En l’absence de volonté contraire de l’époux qui les a consentis, il convient de constater que le prononcé de la présente décision emportera révocation de plein droit des avantages matrimoniaux qui ne prennent effet qu’à la dissolution du régime matrimonial ou au décès de l’un des époux et des dispositions à cause de mort, accordés par un époux envers son conjoint, par contrat de mariage ou pendant l’union.
Il sera également constaté que les avantages matrimoniaux qui prennent effet au cours du mariage et les donations de biens présents resteront acquis.

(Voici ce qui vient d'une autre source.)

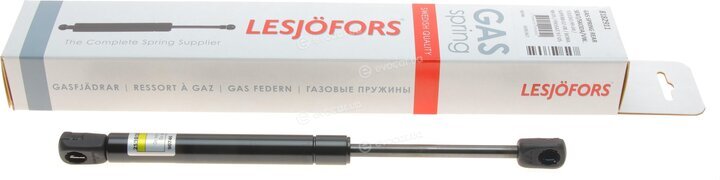Lesjofors 8182911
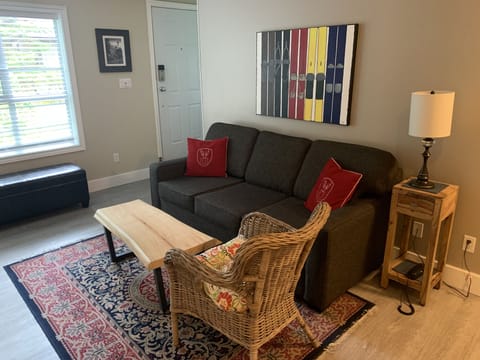 Newly updated! Pull Out Queen size sofa bed!
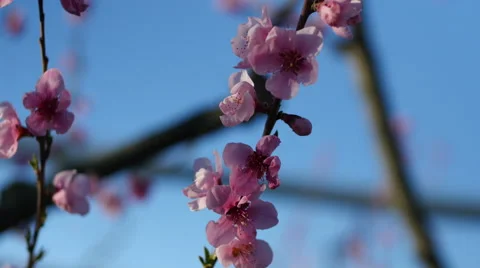 Close-up of pink flowers Video stock 64342358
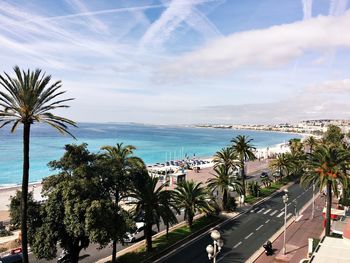 Palm trees by sea against sky in city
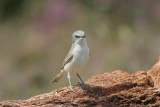 Braamsluiper - Lesser whitethroat - Sylvia curruca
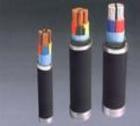 礦用阻燃電力電纜MVV MVV電纜，MVV22電力電纜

Sur la prestation compensatoire
L’article 270 dispose que : “Le divorce met fin au devoir de secours des époux. L’un des époux peut être tenu de verser à l’autre une prestation compensatoire destinée à compenser, autant que possible, la disparité que la rupture du mariage crée dans les conditions de vie respective. Cette prestation a un caractère forfaitaire. Elle prend la forme d’un capital dont le montant est fixé par le juge.
Toutefois, le juge peut refuser d’accorder une telle prestation si l’équité le commande, soit en considération des critères prévus à l’article 271, soit lorsque le divorce est prononcé aux torts exclusifs de l’époux qui demande le bénéfice de cette prestation, au regard des circonstances particulières de la rupture".

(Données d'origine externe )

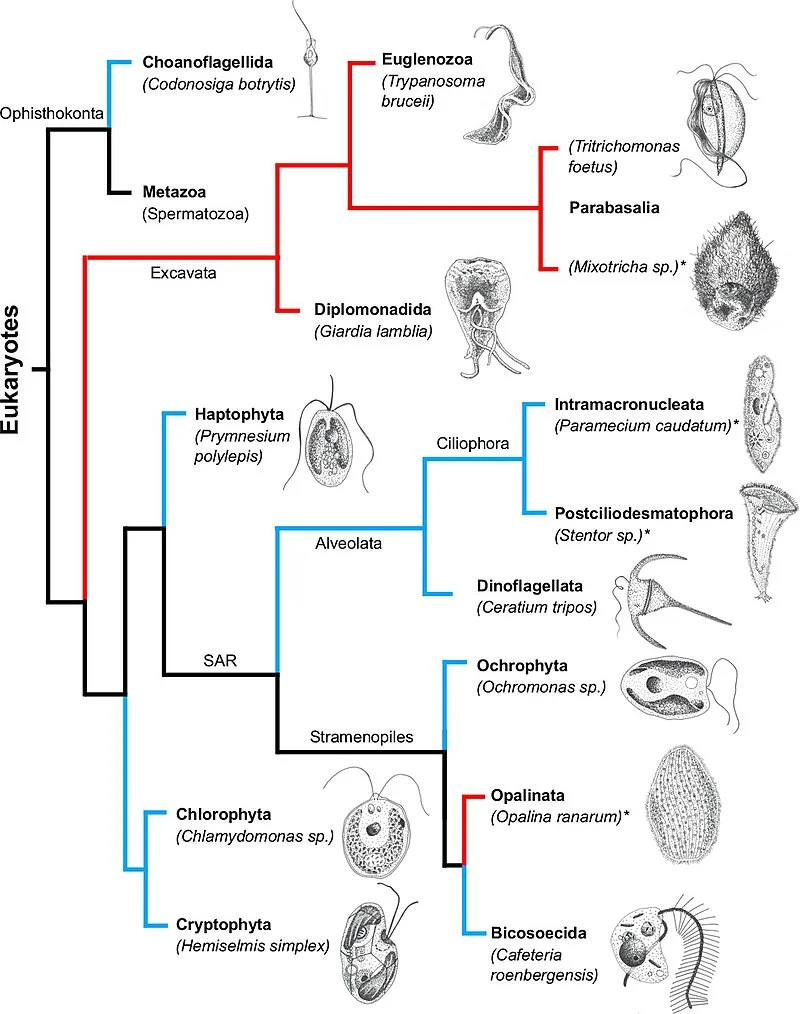 Some motile unicellular protists | Source: Wikipedia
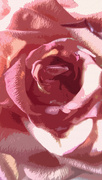 18th Jul 2022 - Pop art rose...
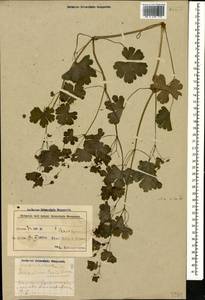 Geranium lucidum L., Caucasus, Azerbaijan (K6) (Azerbaijan)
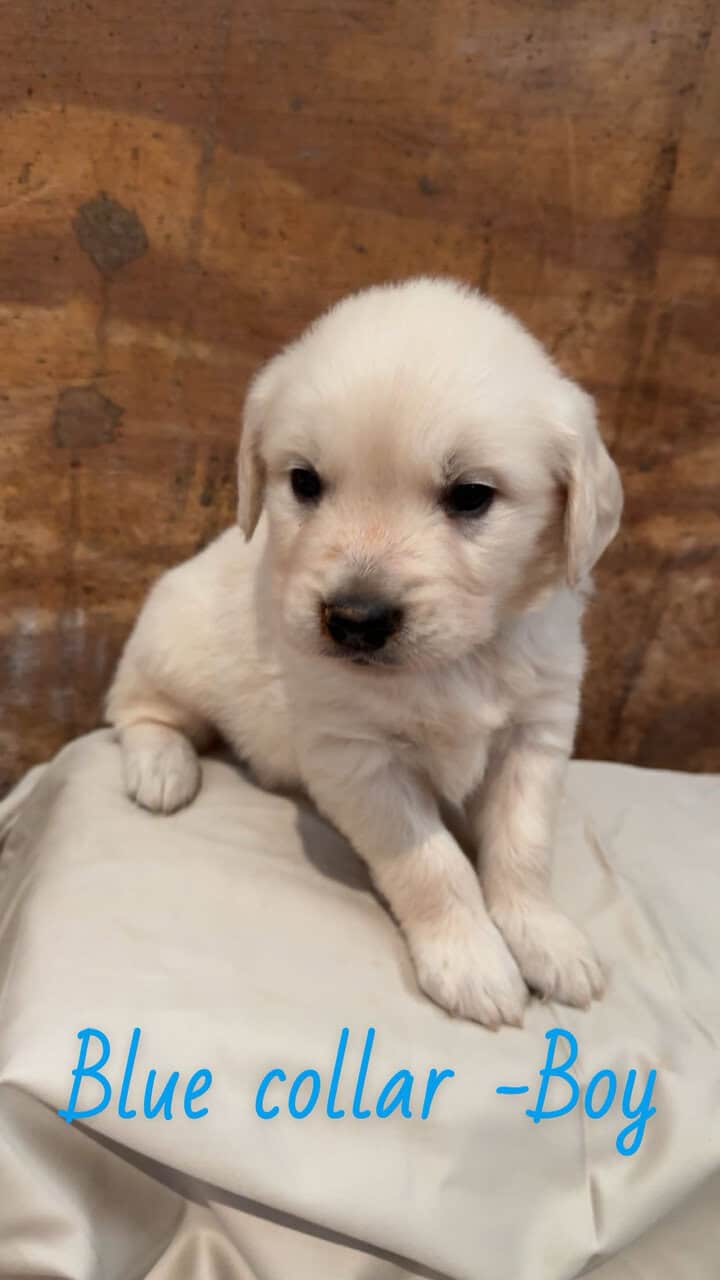 AKC English Cream Golden Retrievers image 3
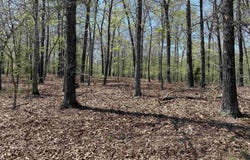 563-00020-000 Sunrise Circle, Yellville, AR 72687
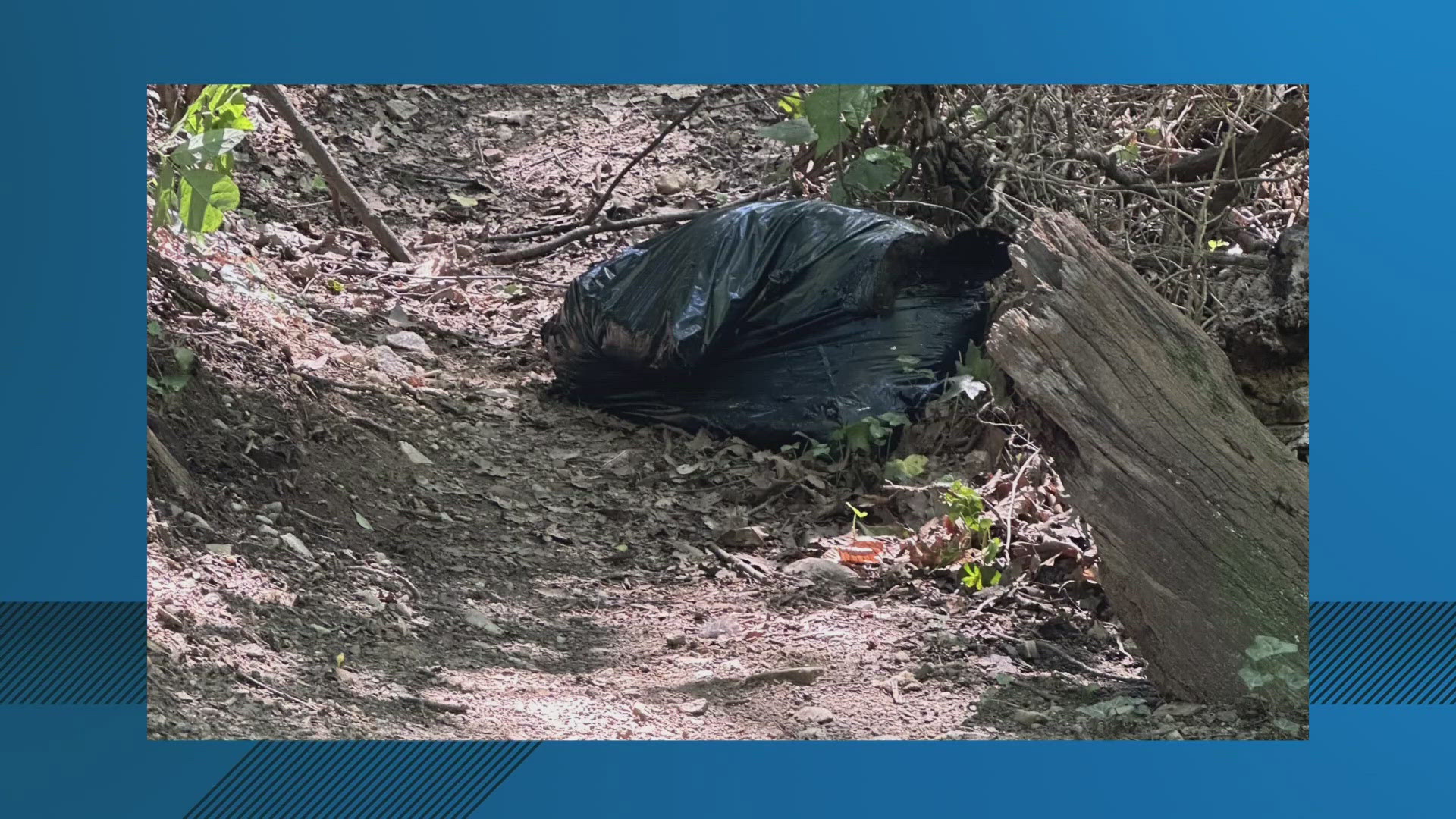 The Animal Welfare League of Arlington is trying to determine how the bear died and how it ended up inside a bag on the trail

L’article 271 prévoit : “La prestation compensatoire est fixée selon les besoins de l’époux à qui elle est versée et les ressources de l’autre en tenant compte de la situation au moment du divorce et de l’évolution de celle-ci dans un avenir prévisible.

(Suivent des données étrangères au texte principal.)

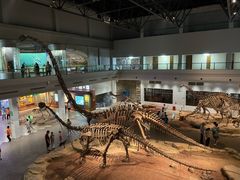 -自贡恐龙博物馆
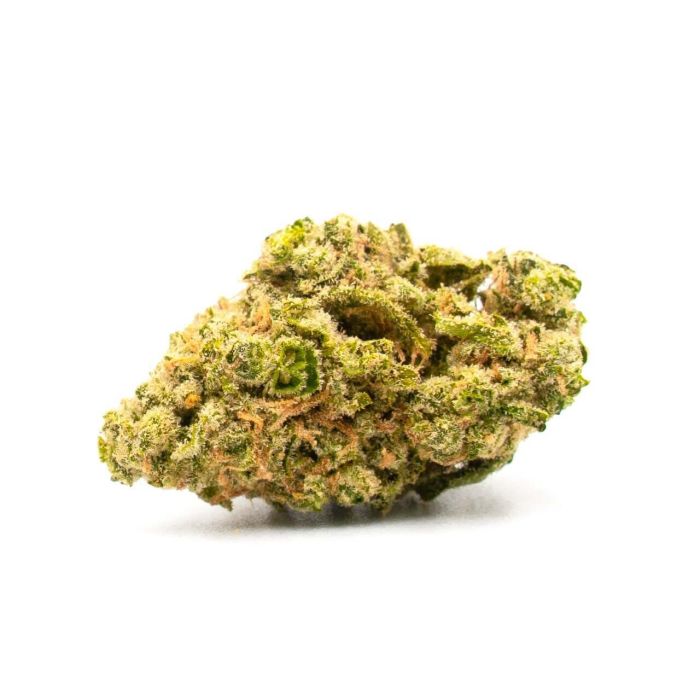 Moby Dick Autoflower Cannabis Seeds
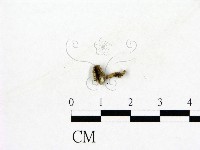登錄號:F0003672藏品圖，第1張
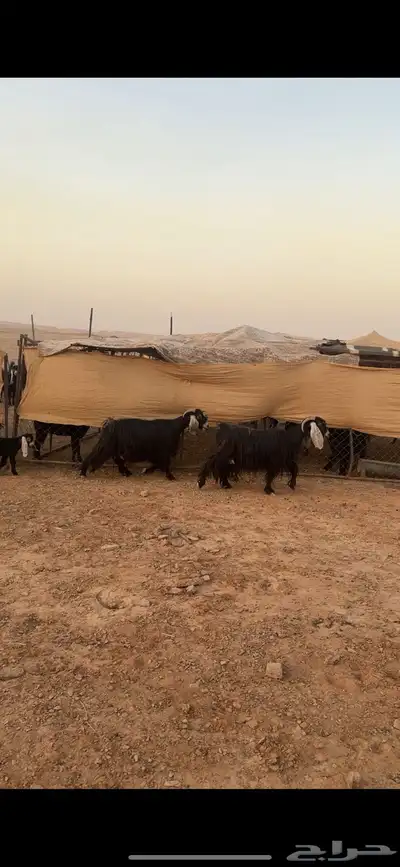 متابيع عوارض صنف((( تم البييع الله يبارك للجميييع ))) 3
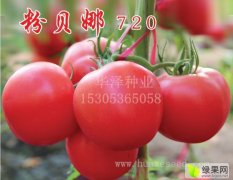 大果型高产越冬早春粉果番茄种子—粉贝娜720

A cet effet, le juge prend en considération notamment :
— la durée du mariage ;
— l’âge et l’état de santé des époux ;
— leur qualification et leur situation professionnelles ;
— les conséquences des choix professionnels faits par l’un des époux pendant la vie commune pour l’éducation des enfants et du temps qu’il faudra encore y consacrer ou pour favoriser la carrière de son conjoint au détriment de la sienne;
— le patrimoine estimé ou prévisible des époux, tant en capital qu’en revenu, après la liquidation du régime matrimonial ;
— leurs droits existants et prévisibles ;
— leur situation respective en matière de pensions de retraite en ayant estimé, autant qu’il est possible, la diminution des droits à retraite qui aura pu être causée, pour l’époux créancier de la prestation compensatoire, par les circonstances visées au sixième alinéa".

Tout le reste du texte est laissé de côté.